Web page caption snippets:
== == ==

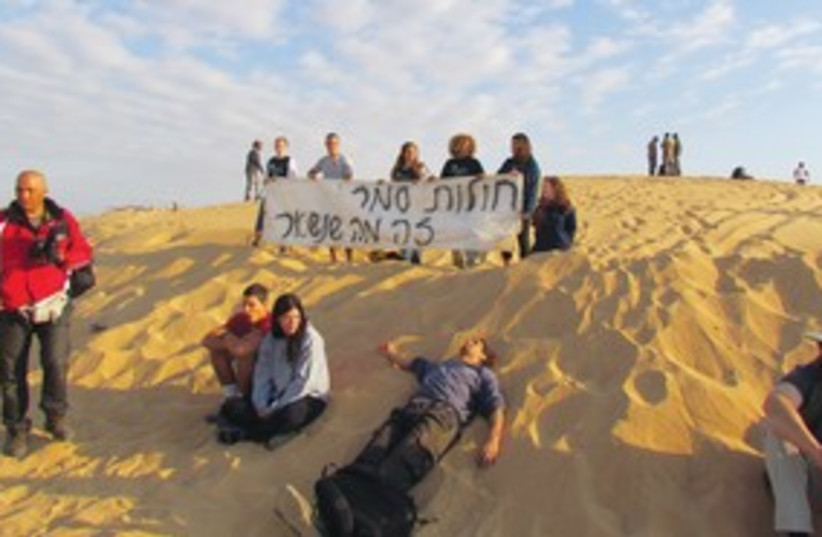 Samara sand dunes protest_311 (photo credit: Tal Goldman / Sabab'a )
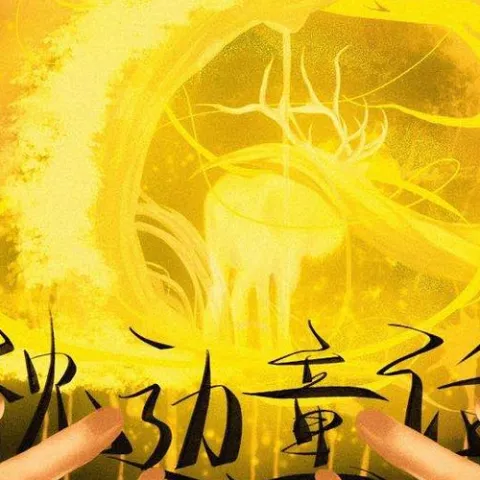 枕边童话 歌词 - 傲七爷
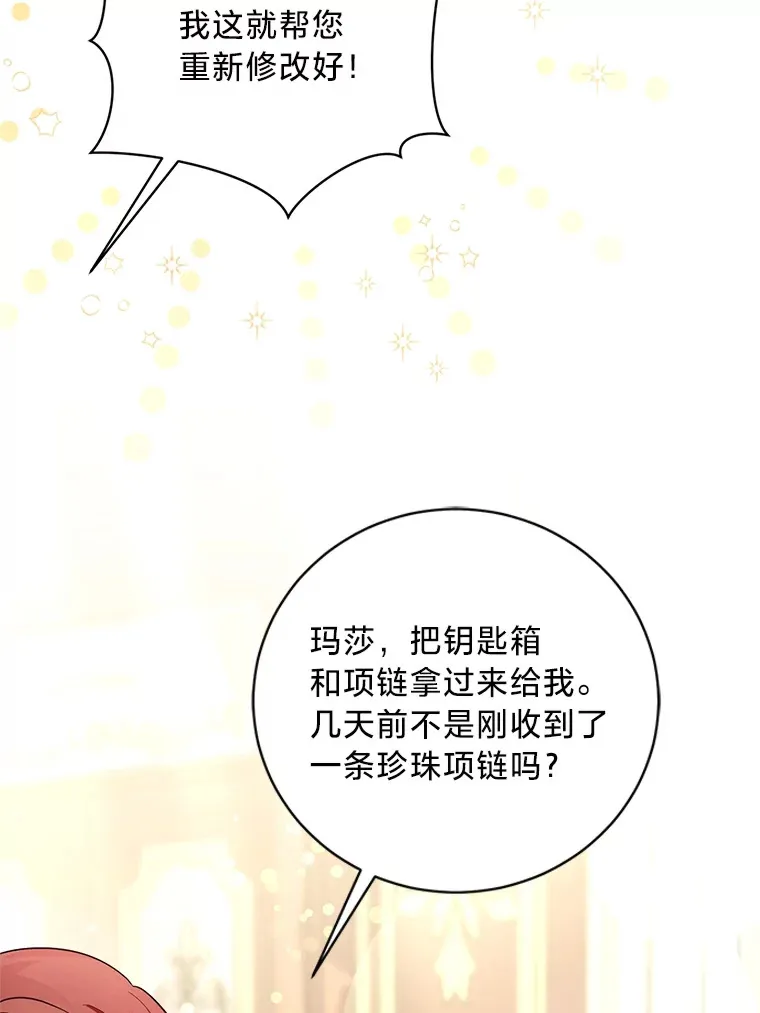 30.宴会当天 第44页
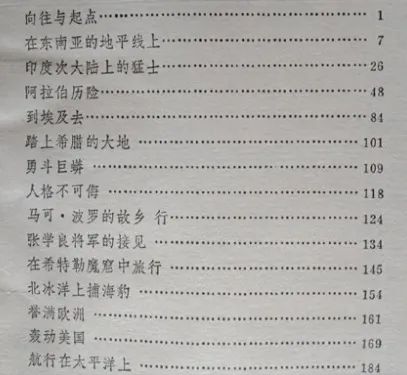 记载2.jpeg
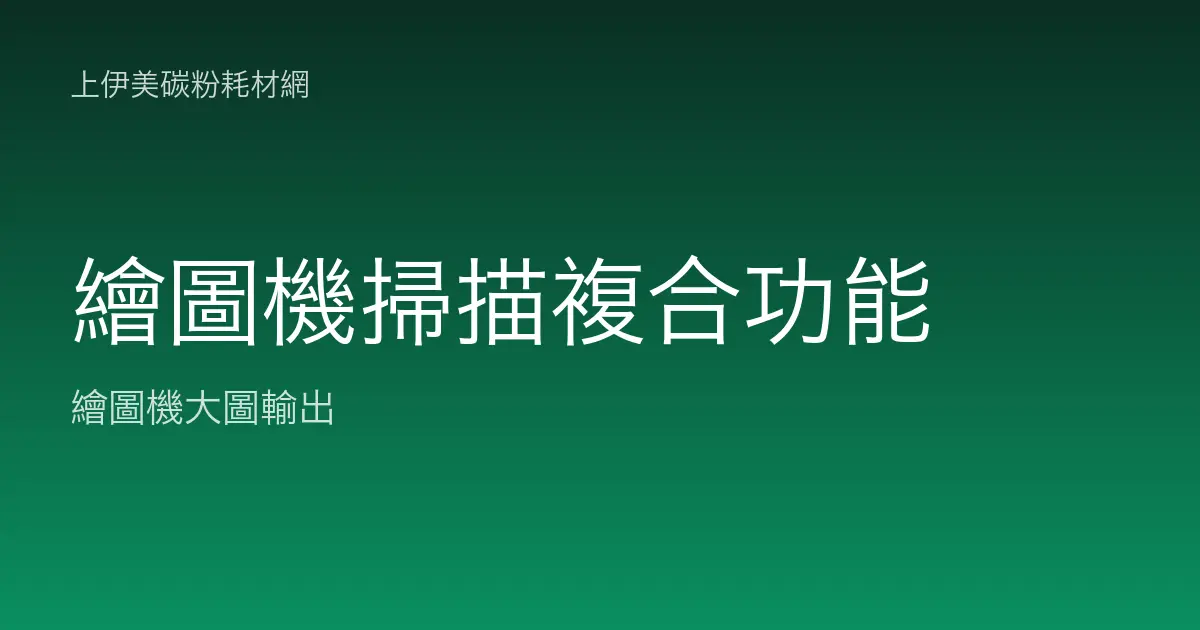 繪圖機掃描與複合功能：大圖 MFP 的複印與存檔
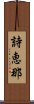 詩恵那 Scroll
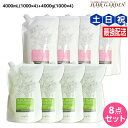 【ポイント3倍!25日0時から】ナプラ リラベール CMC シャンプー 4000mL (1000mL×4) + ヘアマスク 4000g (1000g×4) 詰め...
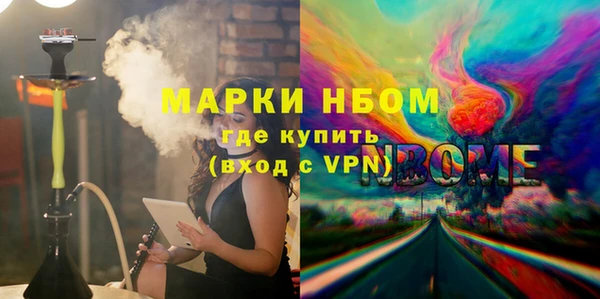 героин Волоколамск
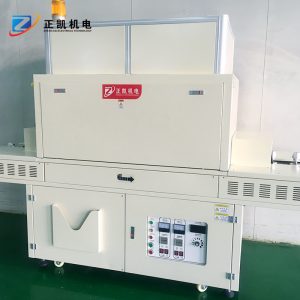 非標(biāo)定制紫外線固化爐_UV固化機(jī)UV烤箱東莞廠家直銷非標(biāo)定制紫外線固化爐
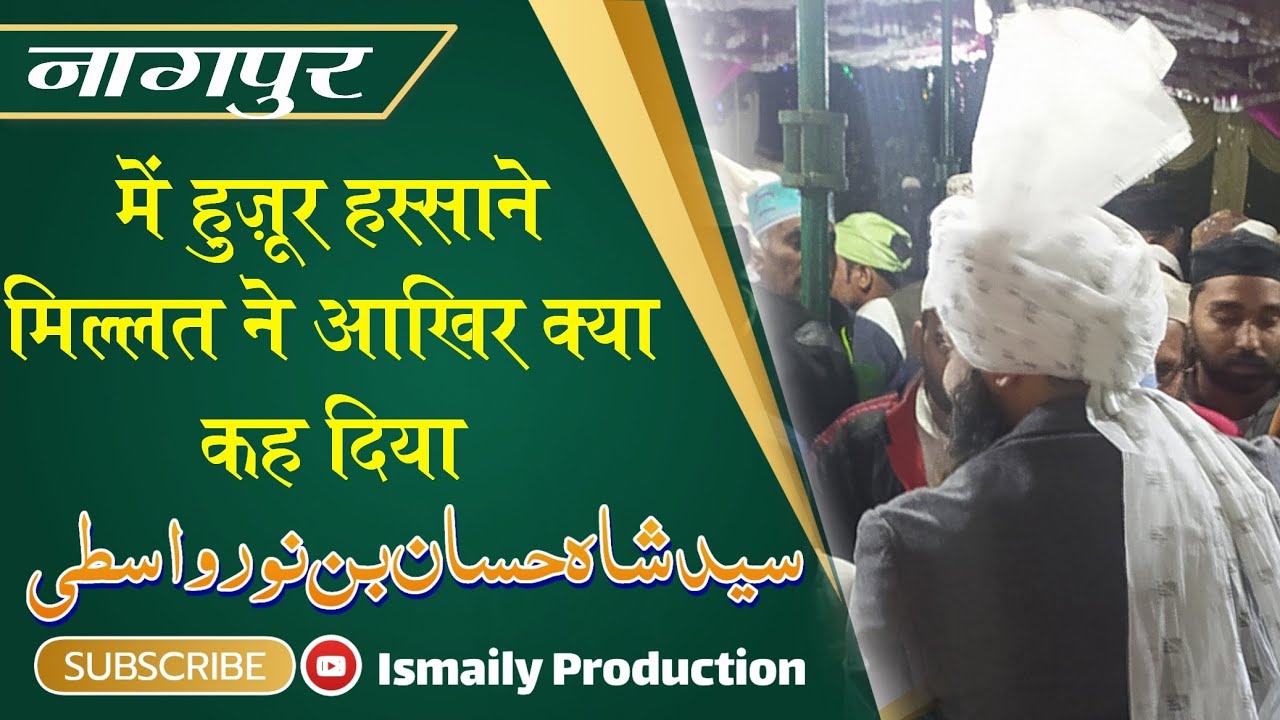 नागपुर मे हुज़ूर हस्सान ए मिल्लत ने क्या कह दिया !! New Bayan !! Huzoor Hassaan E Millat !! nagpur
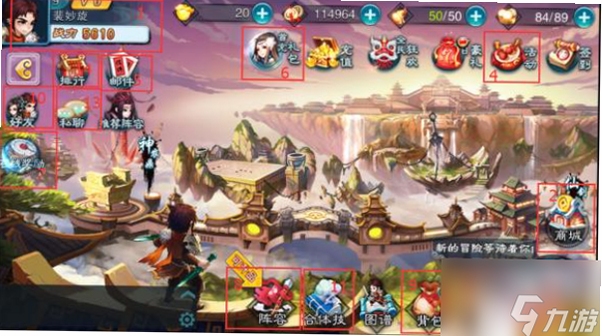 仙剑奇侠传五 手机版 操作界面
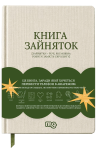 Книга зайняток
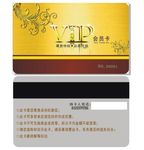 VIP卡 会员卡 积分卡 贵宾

== == ==

_WORK ORDER_
Output exactly the lines from the one containing "नागपुर मे हुज़ूर" through the last line of the records above, both included, and leave out the pictures.

_SOLUTION_
 नागपुर मे हुज़ूर हस्सान ए मिल्लत ने क्या कह दिया !! New Bayan !! Huzoor Hassaan E Millat !! nagpur
 仙剑奇侠传五 手机版 操作界面
 Книга зайняток
 VIP卡 会员卡 积分卡 贵宾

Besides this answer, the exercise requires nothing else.